This PR was rebased and approved in October 2024. Looks like TrueNAS didnt want to wait for the next big release containing that PR. They just implemented it in their product.

Long story short: raidz expansion is all the same everywhere.

ZeroSignal9 · January 20, 2025, 9:58pm

I have a couple WD SN850X NVMe SSDs. They come out of the box set to 512 sectors (for legacy OSes), and need to be manually set to 4k sectors.

SinisterPisces · January 27, 2025, 2:26am

This actually came up on an episode of the TrueNAS/iX Systems podcast: https://www.youtube.com/watch?v=WxDdKrLGK5Y

I got some clarification in the comments.

Me:

How much will the user need to know about their workload to use the new Direct IO feature? For example, if I’ve got an NVME mirror pool that Proxmox accesses to store VMs (over either iSCSI or NFS), how much configuration will I need to do on TrueNAS to get DirectIO working?

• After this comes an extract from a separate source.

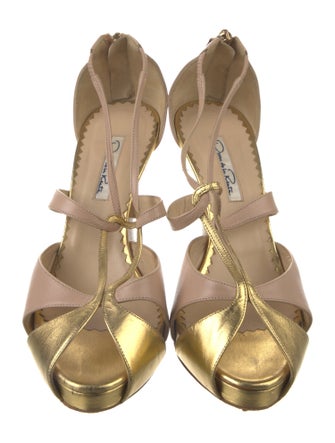 Oscar de la Renta Leather T-Strap Pumps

Is the implementation of DirectIO similar to the default sync setting on datasets (default: client indicates the kind of sync it wants), where the client indicates whether the DirectIO feature should be toggled on or not? In that case it would seem like the user would just need to handle configuring the client (Proxmox, *SQL, etc.) to use DirectIO.

iX:

The default behavior in OpenZFS 2.3 is “direct=standard” where it will handle recordsize-aligned IO through the Direct IO path - unaligned IO will still take the buffered path through the ARC. Tuning your recordsize or volblocksize (for ZVOLs) and client filesystem or file chunk size will probably be important in order to ensure it’s actually taking that “shortcut” - we’ll likely have more to share on this in the future.
…
Share away - although I (Chris) did misspeak on one part of it, anything that gets a “proper” Direct IO read won’t land in the ARC after service to client. See the PR for more details: https://github.com/openzfs/zfs/pull/10018

bladewdr · January 28, 2025, 9:16pm

But the numbers, Jim! They must go up!